Many data warehouse projects are a failure because an inappropriate data model is chosen at the beginning of the project.
I am a proponent of a normalized data model. Unfortunately, it is not necessarily fashionable to store data in a third normal form or higher in recent years. This may also be because, in the age of Big Data, unstructured data is gaining the upper hand. Therefore, data structured by definition is often stored in the data warehouse or denormalized. There are situations in which Teradata denormalization makes sense. However, there is also often the situation that denormalization has to serve as a stopgap solution due to wrong decisions in the creation of the physical data model.
In this article, however, we will look at denormalization techniques for the cases where it makes sense.
We should always try to create a normalized data model first and start denormalizing only when performance requires it. Denormalization should always be well considered and should never be done intuitively.
The effects of denormalization are unpredictable. We must not forget that denormalization is designed to improve the performance of specific applications. At the same time, we often do not know or see the impact on all other applications until it is too late. It is unforgivable if already the logical data model is not normalized.

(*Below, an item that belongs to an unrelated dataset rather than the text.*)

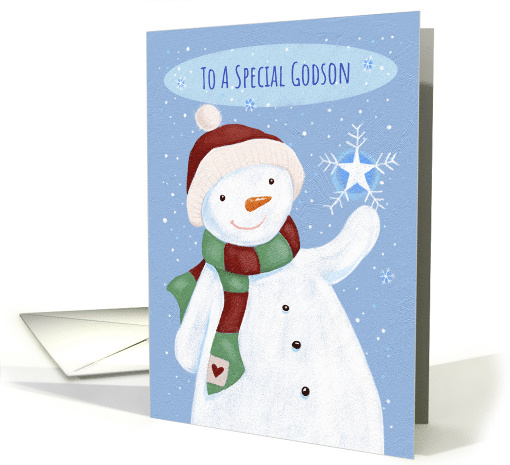 Godson Christmas Cheer Snowflake Snowman card (1590920)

Effects of denormalization
- Denormalization can improve the performance of the target application but degrade the performance of other applications. So we do precisely the opposite of what we want to achieve.
- A denormalized data model makes it challenging to develop new applications because a specialized model for a particular application usually does not fit others.
- Denormalization leads to DML (insert, update) anomalies. This is exactly what we wanted to prevent with a 3NF data model.
- Denormalization leads to higher costs of new applications due to increased complexity for all the reasons mentioned earlier.
Now that we know all the disadvantages let’s discuss the techniques used for denormalization.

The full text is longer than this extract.